Que coisa é essa de gastar dinheiro a fazer a festa da escola, a festa dos profissionais, a festa da coisa pública? O Estado deve gastar dinheiro é na polícia e nas bastonadas, não a fazer escolas. Não é isso? Se não é isso, porque se riem tanto da "festa" da escola e dos que para ela trabalharam?
E, mais, a raiva contra a "festa" é a raiva contra quem faz. Se a Parque Escolar não tivesse modificado os seus objectivos quando mudaram as condições, por exemplo quando aumentaram as necessidades de instalações graças ao aumento legal da escolaridade obrigatória, se tivessem feito cara de burocratas e tivessem mantido os planos iniciais, ter-se-iam protegido a si próprios, talvez - mas à custa do bem comum. Por isso, o que se passou foi também, acrescento eu, uma festa da responsabilidade cidadã de quem trabalha para o bem comum, contra a miséria moral dos que se encolhem e se protegem e apenas querem manter o seu currículo dentro das previsões do cinzento.

Sim, há muito por aí quem odeie que a intervenção do Estado possa ser uma festa para as pessoas e para o país. Sim, há muito por aí quem deteste que se façam coisas de que as pessoas possam beneficiar. Sim, há muito por aí quem deteste que se invista na escola pública - e, em geral, no serviço público. Quer isto dizer que tudo foi bem feito em todos os pormenores? Não. Mas também não engulo a conversa de "eu conheço a escola X e isto e aquilo foi mal feito", porque há sempre quem, não tendo de fazer, tem sempre muitas ideias acerca do que se deveria ter feito. Obviamente, esses críticos estão sempre dispensados de mostrar que a sua alternativa seria mesmo melhor e funcionaria: porque a maledicência funciona sempre melhor do que a obra feita num país como o nosso. Que esses sectores façam risota induzida e artificial com a "festa" de Lurdes Rodrigues, eu percebo. 

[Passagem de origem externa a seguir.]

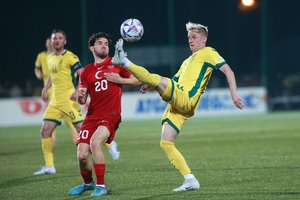 Visiška Lietuvos futbolo rinktinės tragedija – turkai Vilniuje atseikėjo net 6 įvarčius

É mais um dispositivo de propaganda, é mais uma forma de substituir o debate pela chicana, é mais um truque para cobrir a forma desonesta como o ministro Crato colocou a questão no parlamento, é mais uma cortina de fumo sobre o conjunto das declarações de Lurdes Rodrigues no parlamento, porque os do costume não querem que se ouça o que ela disse. Percebo tudo isso.
Só não percebo porque é que algumas pessoas de esquerda deste país servem de caixa de ressonância ao murmúrio demente sobre a "festa" proclamada por Lurdes Rodrigues. Afinal, parece que há muita gente a ter assumido implicitamente a teoria, cada vez mais realidade, de que a força do Estado só pode servir para nos esmagar. Sim, porque nada disto tem a ver com um debate sério acerca da acção da Parque Escolar. Esse debate sério deixaria claro que prestaram um grande serviço ao país, embora se possam encontrar coisas menos perfeitas naquilo que fizeram. Coisas menos perfeitas que são muito especiosamente iluminadas por fazedores de relatórios e de discursos, mesmo que esses críticos não tenham muito como mostrar que são melhores a fazer segundo os critérios do bem comum.

Longa vida e saúde a quem tem a coragem de assumir que o serviço público pode e deve ser uma festa para as pessoas.